===== Supplied data

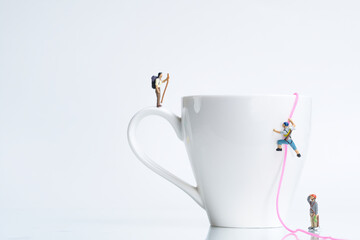 climbers climb a white coffee cup with rope, miniature figures scene,
​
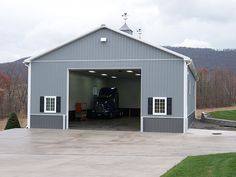 a large gray garage with a truck in it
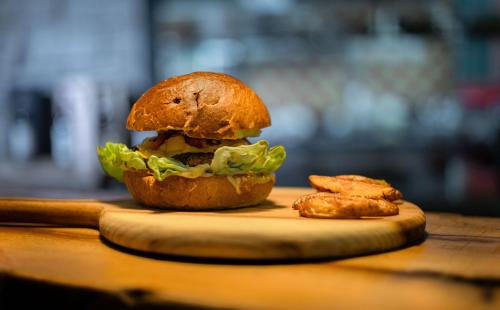 a sandwich on a cutting board on a table at Hill Village Phu Yen in Phú Hiệp (2)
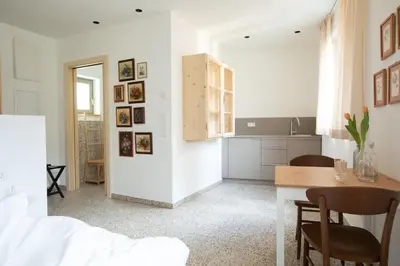 a kitchen and dining room with a table and chairs at DOMUS FABER in Merano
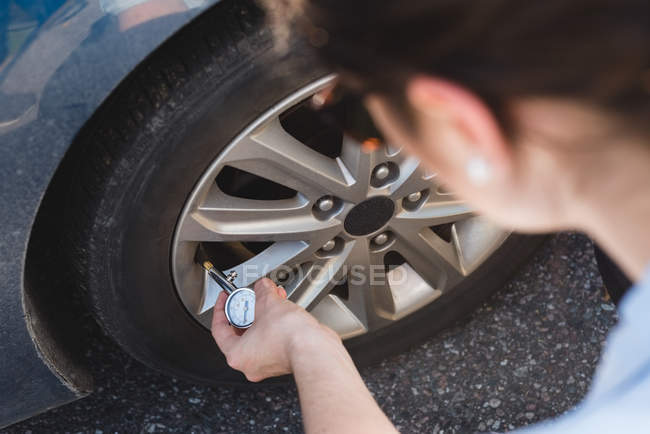 Close-up de mulher verificando um pneu em uma estrada — Fotografia de Stock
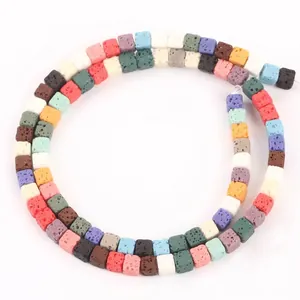 Macro view of 4x4mm colorful square lava stone beads for DIY jewelry making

==========

Task description -
All lines from the one containing "a sandwich on" to the last line of the records above, both included, need to be repeated word for word; omit the pictures.

Solved exercise -
 a sandwich on a cutting board on a table at Hill Village Phu Yen in Phú Hiệp (2)
 a kitchen and dining room with a table and chairs at DOMUS FABER in Merano
 Close-up de mulher verificando um pneu em uma estrada — Fotografia de Stock
 Macro view of 4x4mm colorful square lava stone beads for DIY jewelry making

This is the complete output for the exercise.